We found the Galaxy Fit to be quite accurate when it came to counting steps in our test, only having an average discrepancy of less than 0.5% over a mile-long walk. The distance estimate also appeared to be fairly accurate but the Fit does lack an internal GPS, so it usually won't be as accurate as GPS enabled models unless it is paired to your phone. It also did well with a cycling workout, showing top speed, average speed, distance, time, and elevation. The stats matched up fairly well with a phone and other trackers
The Fit can also track swimming, running, and "Other Workout" and you also have the option to add more workout types from the Galaxy Wear app.
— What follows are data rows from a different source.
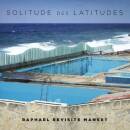 Raphael - Solitude Des Latitudes (Raphael Revisite Manset)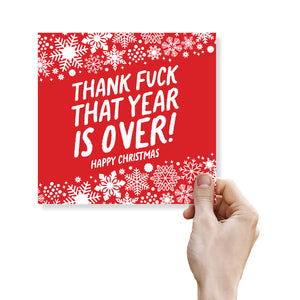 Thank Fuck that year is over! Happy Christmas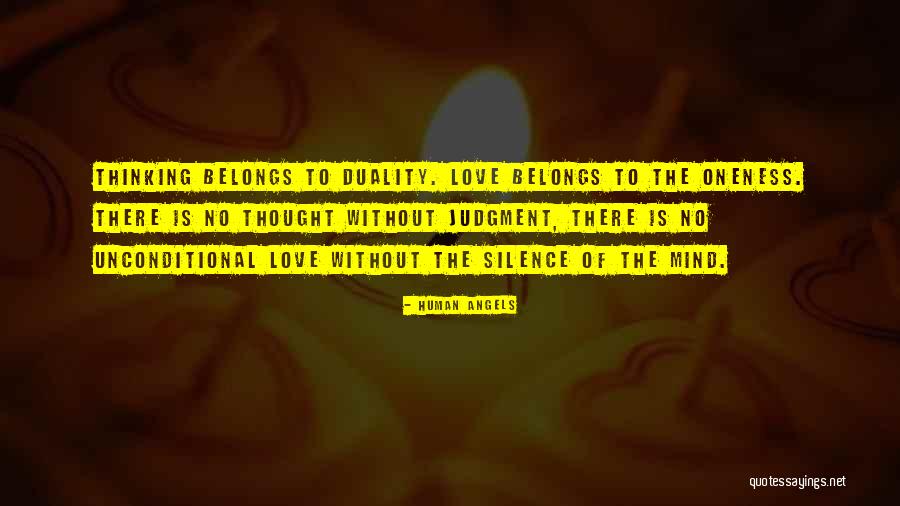 Human Duality Quotes By Human Angels Human Duality Quotes By Human Angels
It also provides fairly comprehensive swimming metrics, including SWOLF. The Fit is marketed as water-resistant to 50 meters or 5 ATM.
The app has an integrated food tracker if you are monitoring your caloric intake and you have counters for the amount of water and coffee you ingest right on the tracker itself. It did fairly well at estimating resting metabolic rate and measuring heart rate, though there were the occasional giant discrepancies when measuring an active heart rate. The tracker will also notify you if you have been sedentary for too long and has automatic sleep tracking.
This tracker has a solid battery life and pairs quickly with your phone to sync your data. The app is also decently intuitive to use and it is easy to navigate menus on the tracker itself.
The Galaxy Fit has a great display that is easy to read in bright light and shows plenty of information. You even have the option for quick responses to some message notifications, which you can edit in the companion app.
While the screen on this tracker looks great, the overall appearance of the Fit is a bit plain. It's sleek with a low profile but it's a bit of a stretch to call this fitness tracker stylish. The band can also be a bit of a pain to put on and off, as the Fit forgoes a typical watch-style clasp. This does maintain a lower profile and holds the heart rate sensor flush against your skin but it is much more difficult to use.
It also requires multiple apps to use to its full potential, with your data and settings spread throughout the Galaxy Wear, Samsung Health, and a few others. This tracker also lacks the ability to count the number of stairs climbed in a day.
Overall, the Fit is a fair value. It doesn't have all the features the top models do but it is priced accordingly.
We would recommend the Fit for anyone who wants to keep basic tabs on their health and fitness and wants a few smart features but isn't willing to pay the price for a full-featured smartwatch or fitness tracker. It's especially good if you have a Samsung phone but does work with other Android and iOS models.